GAA:An emotional Paul Galvin paid tribute to his teammates after Kerry overcame Tyrone 1-16 to 1-6 in the third round of the qualifiers. The man-of-the-match hit back at the critics who had been writing obituaries for this Kerry side after some poor performances this summer.

But after just about doing enough against Westmeath, Jack O’Connor’s side came up with a massive performance when it really mattered, condemning Tyrone to a 10-point drubbing to set up a meeting with Clare in the fourth round next weekend.

And Galvin, fighting back tears after the match, admitted some of the bards aimed at the Kerry dressing room had stung a set of players who still have plenty to play for. “What do you say about this Kerry team,” he said after this evening’s match. “They’re great men.

“A lot of the talk during the week, writing this team off, served only to fuel the great men in that dressing room. We’ve been carrying a lot of hurt for the last nine or 10 years . . . we’re Kerry at the end of the day and we’ve suffered a few heavy defeats, a few last minute defeats.

“There has been a lot written about this team and a lot of it has been disrespectful. I think today the great men in this team stood up. I’m very proud of that.”

Kerry manager Jack O’Connor believes Kieran Donaghy’s second half goal, which came minutes after Conor Gormley had closed the gap to just two points with a goal of his own, was the turning point. “Fellas put their bodies on the line out there, that’s what we had to do,” he said. “Right after half-time when Tyrone got a goal but our fellas came back and got a goal straight away which was important.

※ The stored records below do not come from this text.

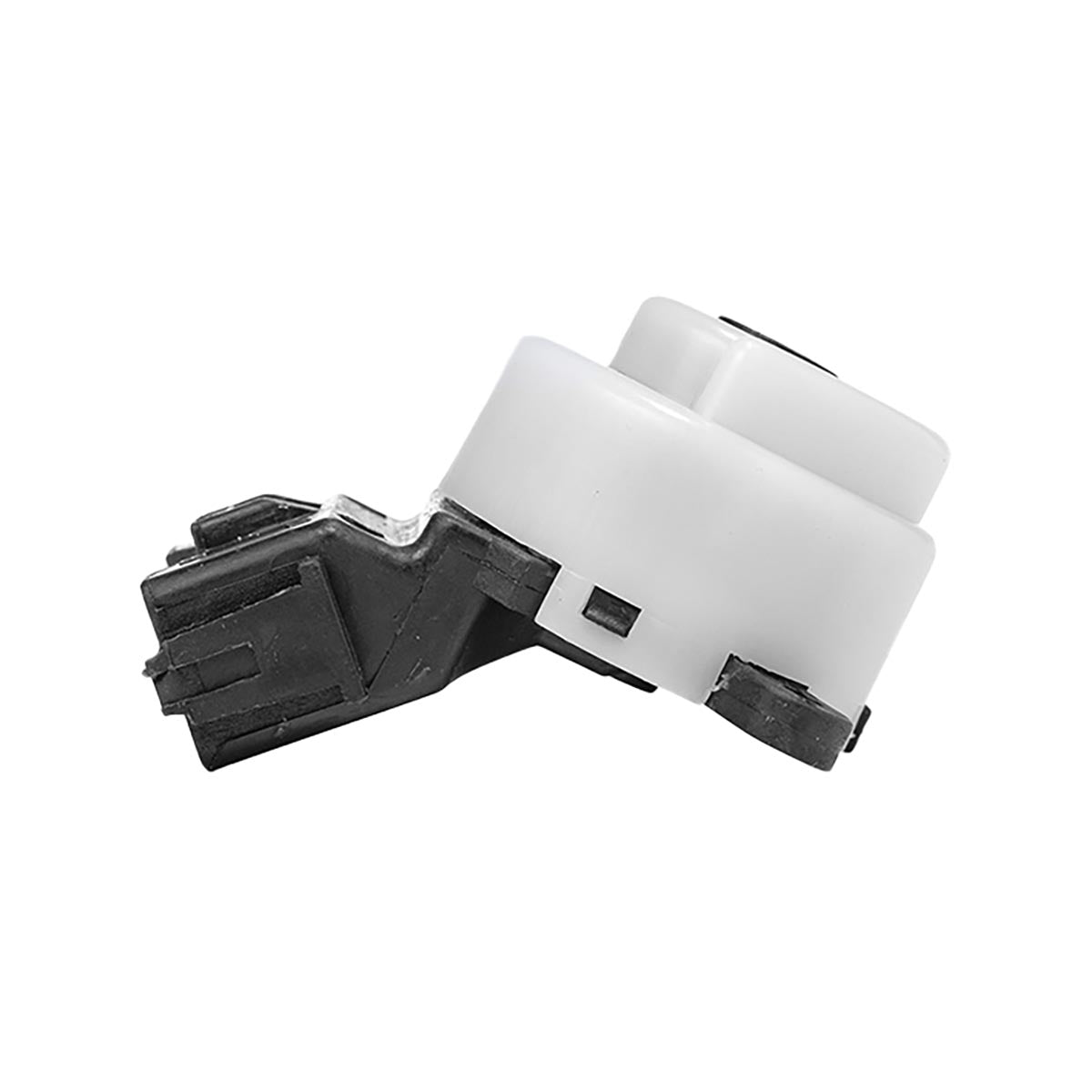 Pastilla Encendido para Dodge Avenger 2.5 1998 1999 2000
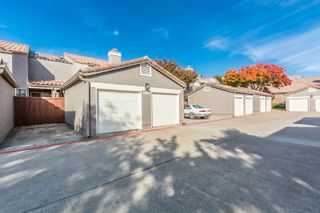 4242 CAPISTRANO 217, Dallas, TX 75287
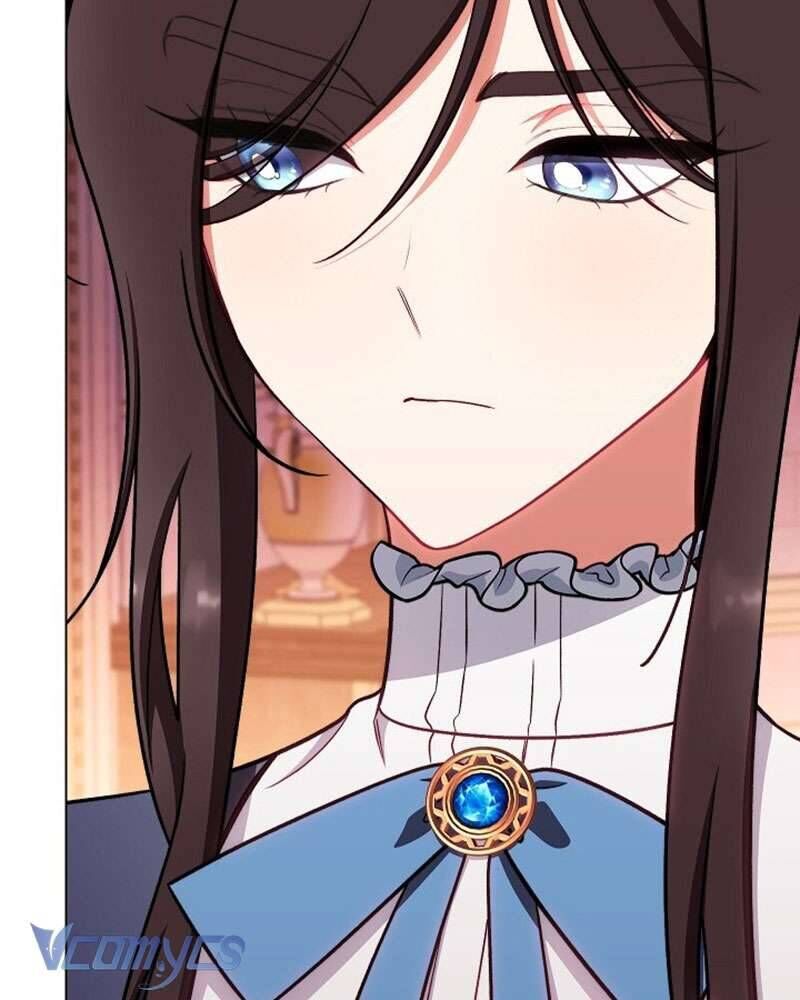 Hầu Gái Độc Quyền Của Hoàng Hậu Phản Diện Chap 64 - Next Chap 65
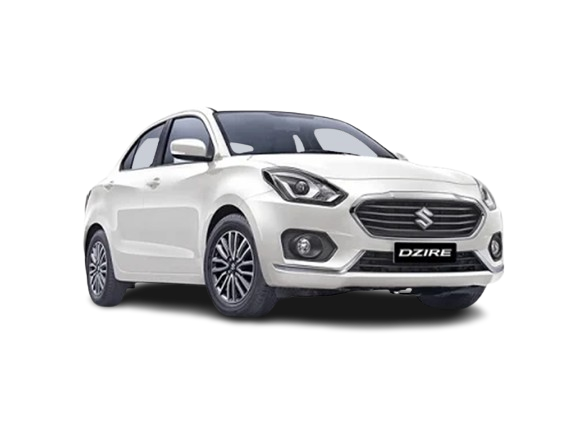 Dzire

“Donaghy’s goal was critical because it got our fellas going again. There was a stiff breeze and it enabled us to play with confidence.”

Of finally getting one over Tyrone, who hadn’t been beaten in the championship by Kerry since the 1980s, O’Connor added: “It’s a big deal for the fans and the media. But for the players and the management it is just a step on the way (to an All-Irleland). We were hurt last year leaving Croke Park and we want to get back there.”

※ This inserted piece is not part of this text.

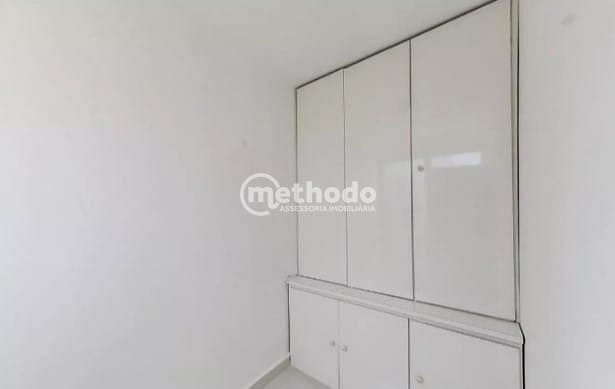 Apartamento, 3 quartos, 152 m² - Foto 20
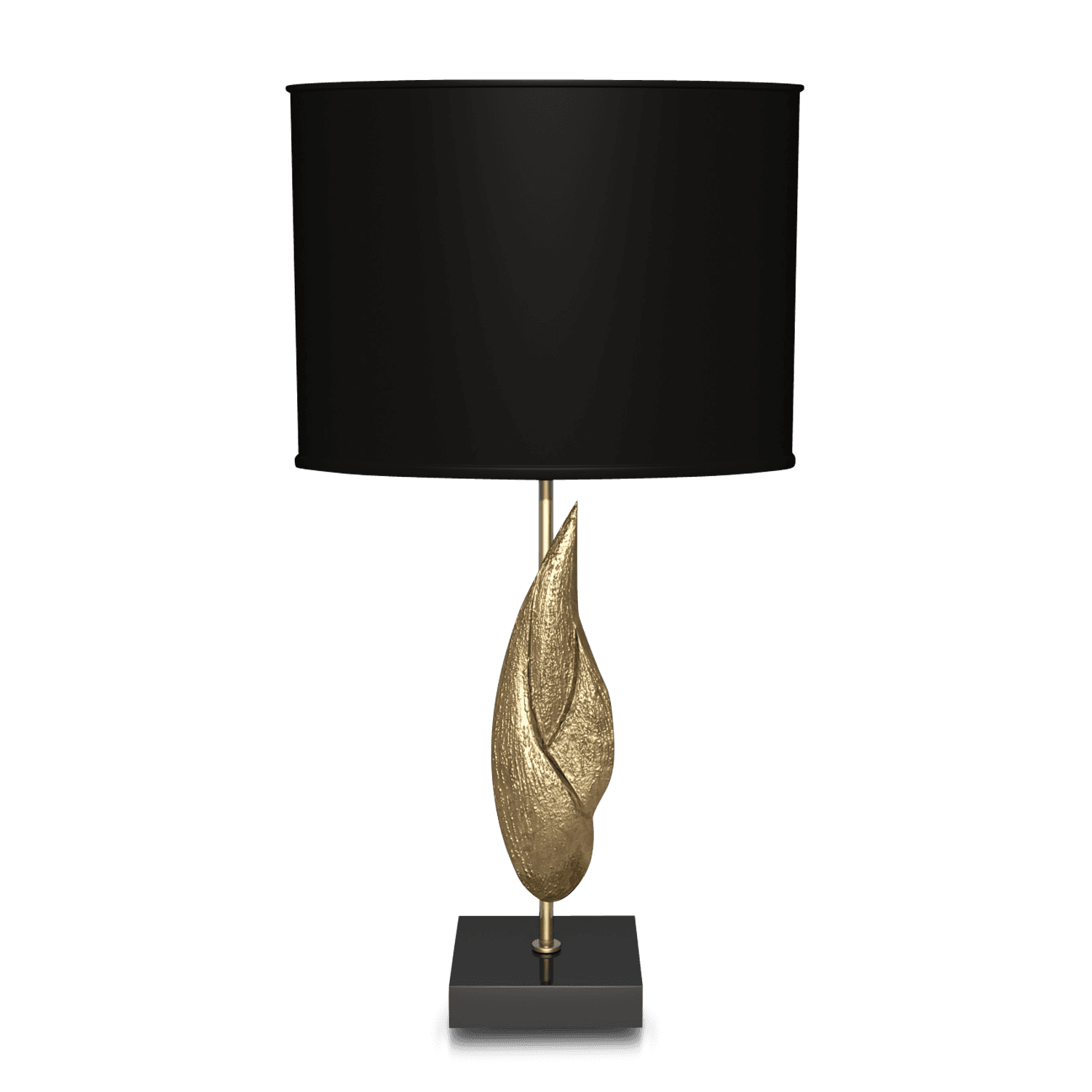 Настольная лампа Charles TRINITAD Charles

Tyrone manager Mickey Harte admitted his side were second best but was critical of Brian McGuigan’s red card, the substitute sent off less than 90 seconds after his introduction after clashing with Kerry’s Declan O’Sullivan.

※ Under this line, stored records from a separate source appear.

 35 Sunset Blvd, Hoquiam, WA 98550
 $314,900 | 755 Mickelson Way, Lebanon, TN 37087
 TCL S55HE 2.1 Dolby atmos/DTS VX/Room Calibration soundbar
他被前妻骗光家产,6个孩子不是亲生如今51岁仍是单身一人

“I suppose when we got our goal and didn’t defend it, conceding the goal so quickly, that was the end of the game for us in many ways,” he told TV3. “Of course we could ill-afford the sending off. I have to say that it was a rather harsh sending off, in the context of what went on today. But I don’t think it made a difference ultimately, Kerry were better on the day and had a greater hunger for game.”